Kinshasa is not the most exciting place, and most people spend their leisure time, and much of their work time too, planning their next trip away. The conventional wisdom is that you need to get away every three months. Not everyone has it that tough: the British officers in the UN peace keeping force have six weeks in the DRC followed by two weeks of home leave. It’s a hard life.

So when something does happen, it is truly an EVENT. There aren’t very many of them. Of course last year was different: we had all the excitement of the election, and numerous days off work “for security reasons.” For a lot of the people, of course, it was an excuse to get out anyway. But that year was definitely full of events. This year, by contrast, has been virtually event free. Until last Friday.

Partly because there isn’t much else happening, news seems to play a disproportionately big part in our lives. Our diet is mainly BBC, CNN and Sky News, (but with regular trips to Al Jazeera which covers some things much better). So for the past month we’ve been getting a diet of wall-to-wall London and that little event that it is hosting.

When the British Embassy invited all citizens and all diplomats to a big-screen showing of the opening ceremony, everyone came. The street outside the Embassy was blocked with parked cars as far as the eye could see. In the Embassy, the garden was full of tables, and large screens had been put up in the bar and the tennis court.

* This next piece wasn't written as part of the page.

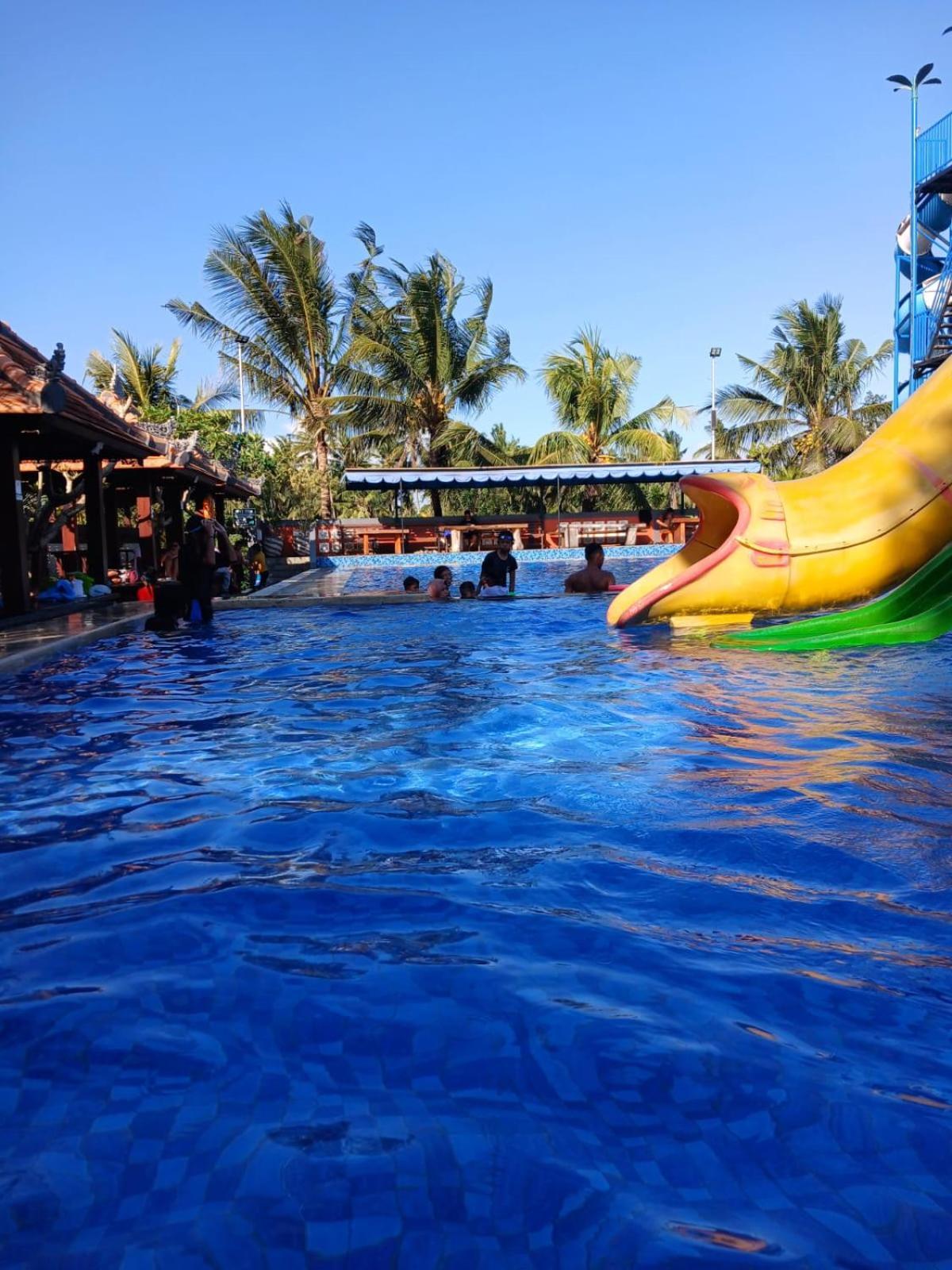Kartika Dahayu Private Pool Villas Sukawati Dış mekan fotoğraf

But what was such fun was the atmosphere. In fact less than half the people were watching the event: it seemed that just to be there was fun, no matter whether you watched the show or not. Even the people watching couldn’t follow it properly because there was such a noise of happy chattering, broken only occasionally by cheers when, for example, Daniel Craig appeared with the Queen, and Rowan Atkinson did his Mr Bean trick on the piano.

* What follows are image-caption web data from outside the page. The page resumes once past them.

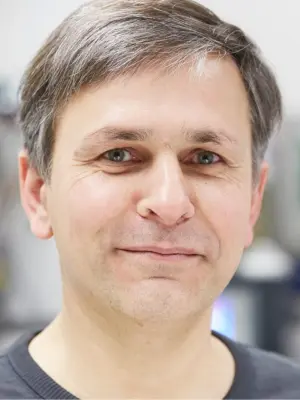 ROBERT RETT - electrician at Bosch Energy and Building Solutions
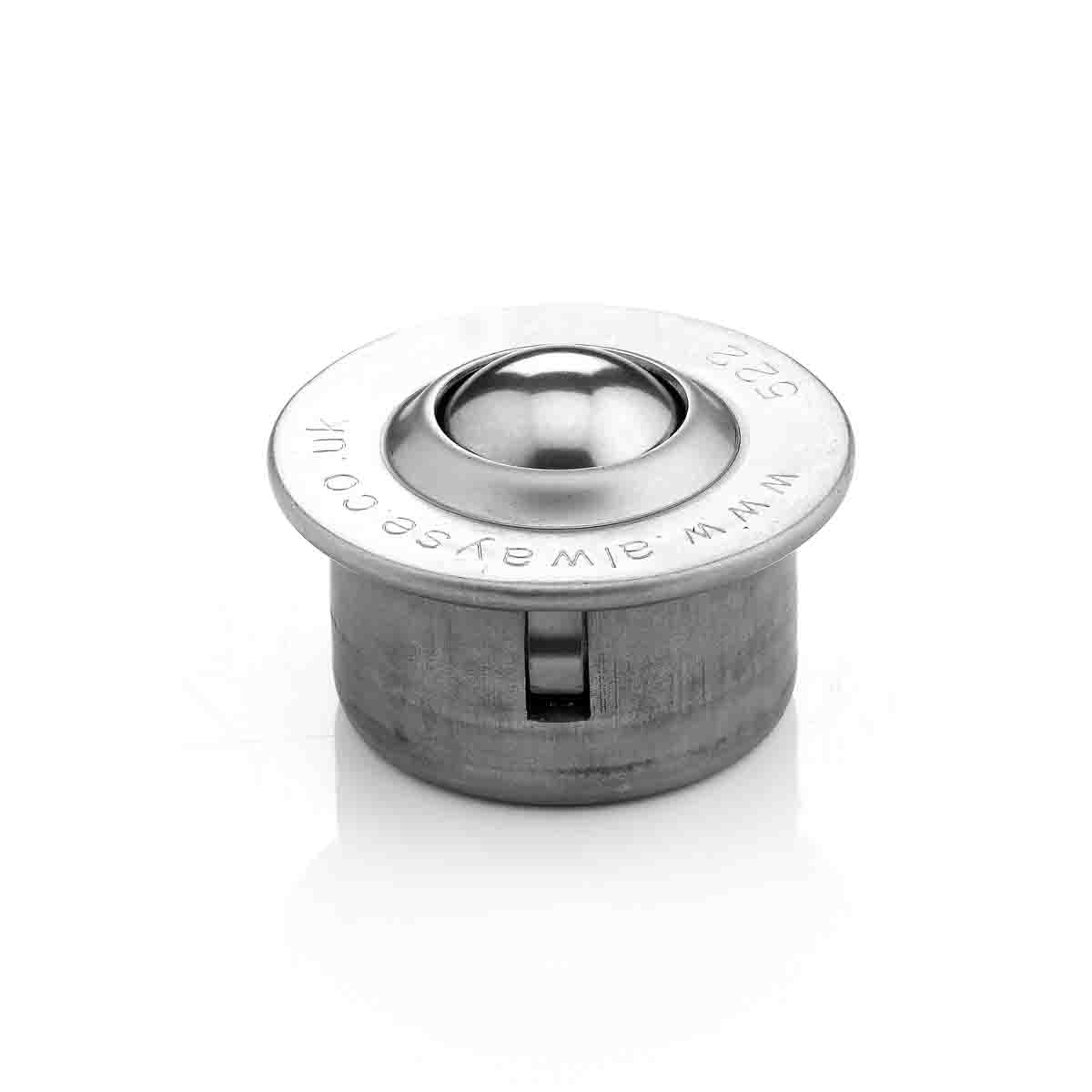 ALWAYSE Ball Transfer Unit with 45mm diameter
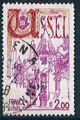 France 1976 - YT 1872 - oblitr - Ussel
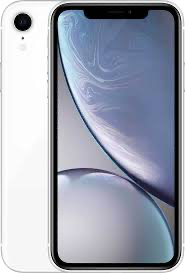 iPhone Xr Blanc 64 Go Quasi neuf  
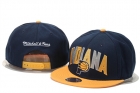 NBA Pacers snapback-31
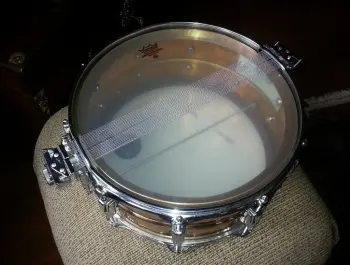Ludwig snare ID Help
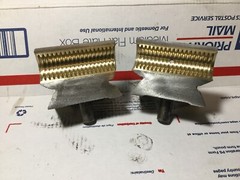 South Bend Lathe 10L Refurbished Half Nuts (rebuild service)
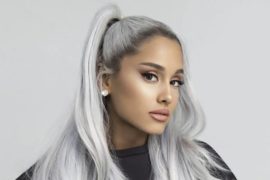 Why I Won't Release An Album This Period - Ariana Grande  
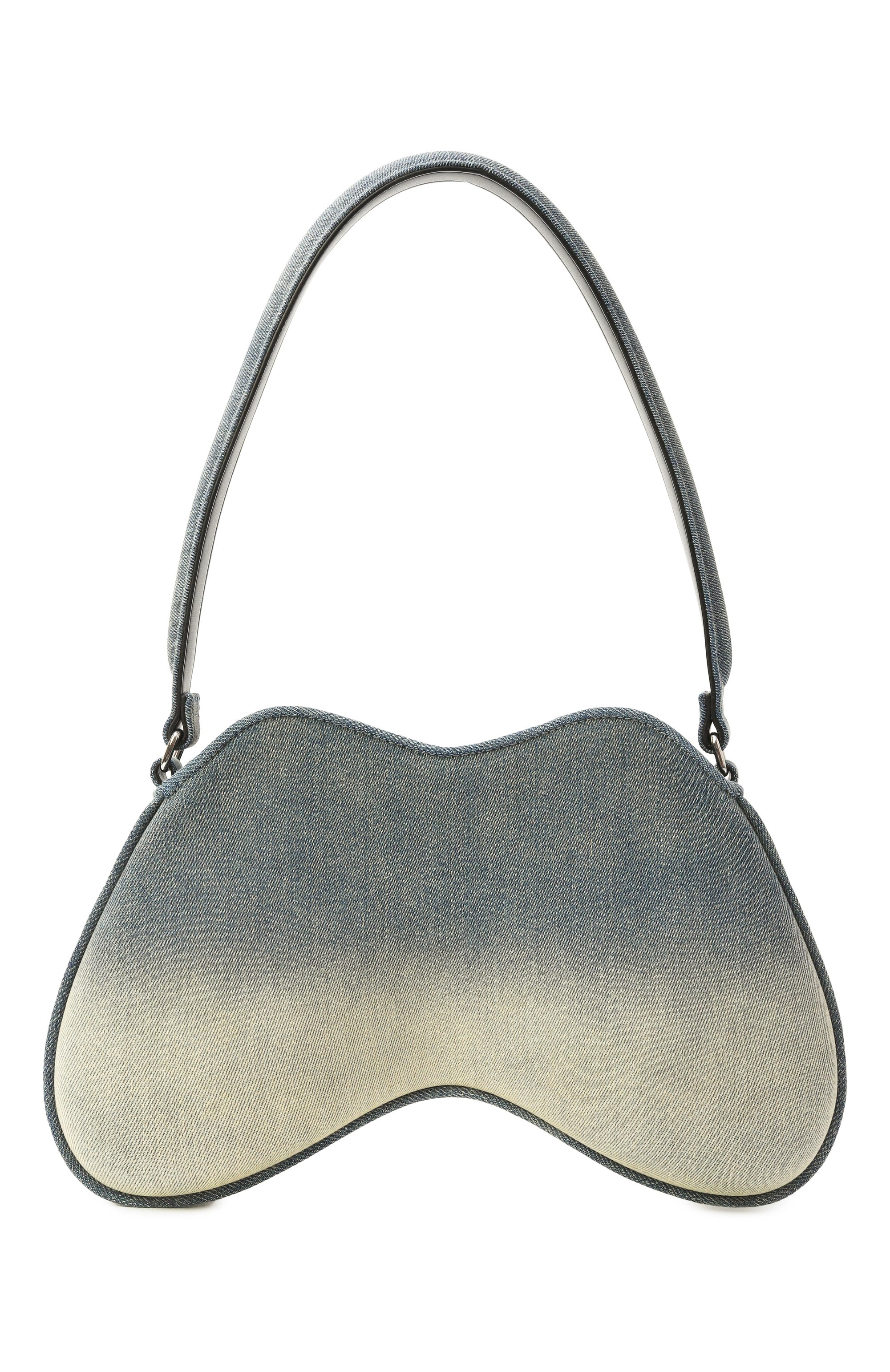 Сумка double-d DIESEL, арт. X10327/P5499, фото 6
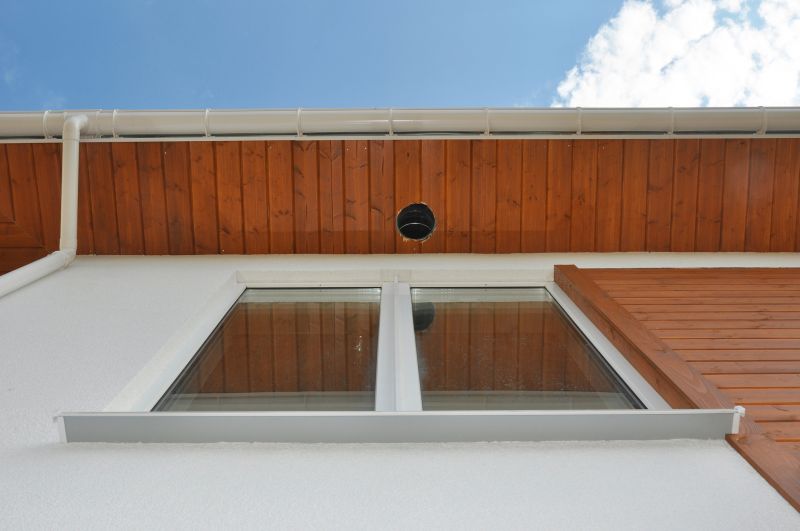 Exterior Window Trim Service in Conroe, TX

There was a raffle of Olympic memorabilia, but there was so much noise that I don’t think most of the winners heard their lucky ticket being announced.

In spite of this huge turnout, the normal Friday night barbecue went without a hitch in spite of the massive demand, and the booze didn’t run out.

But one couldn’t help thinking of the contrast between this carefree scene and the war in the East. The British Consul had sent a message at 6.30 that evening warning all British citizens in Goma to evacuate, as the rebels were only 20km away, and had announced that they would invade the town. The fact that they didn’t do so makes little difference: there seems to be a very real escalation of the conflict which is making many people nervous.

The origins of the rebellion are a bit fuzzy, but it seems that the rebels are Tutsi (as in the ruling tribe of Rwanda) who mutinied because a peace accord under which they had been integrated into the Congolese army had not been honoured. Their name, the M23, derives from the date of the accord, 23rd March, three years ago. As their success grows, so do their demands. Now they are demanding the resignation of President Kabila. Their discipline and generally sensible demands contrast vividly with the behaviour of the Congolese Army itself. There is, in some people’s view, the possibility that it can grow into something much bigger, especially as they are being supported by Rwanda itself.

The next day we met a left wing Spanish couple who had come to the show, but had left before the event started. They pride themselves on being on the side of “the people” and I think they decided that the atmosphere was maybe a little too patriotic, even though only a tiny proportion of the people there were British. So they had gone to a restaurant which also happened to be showing it.

Their comments: it was just a Disneyworld denigration of the struggles of the working classes. Denying the importance of events by writing them off as history.

Well, it takes all sorts, doesn’t it?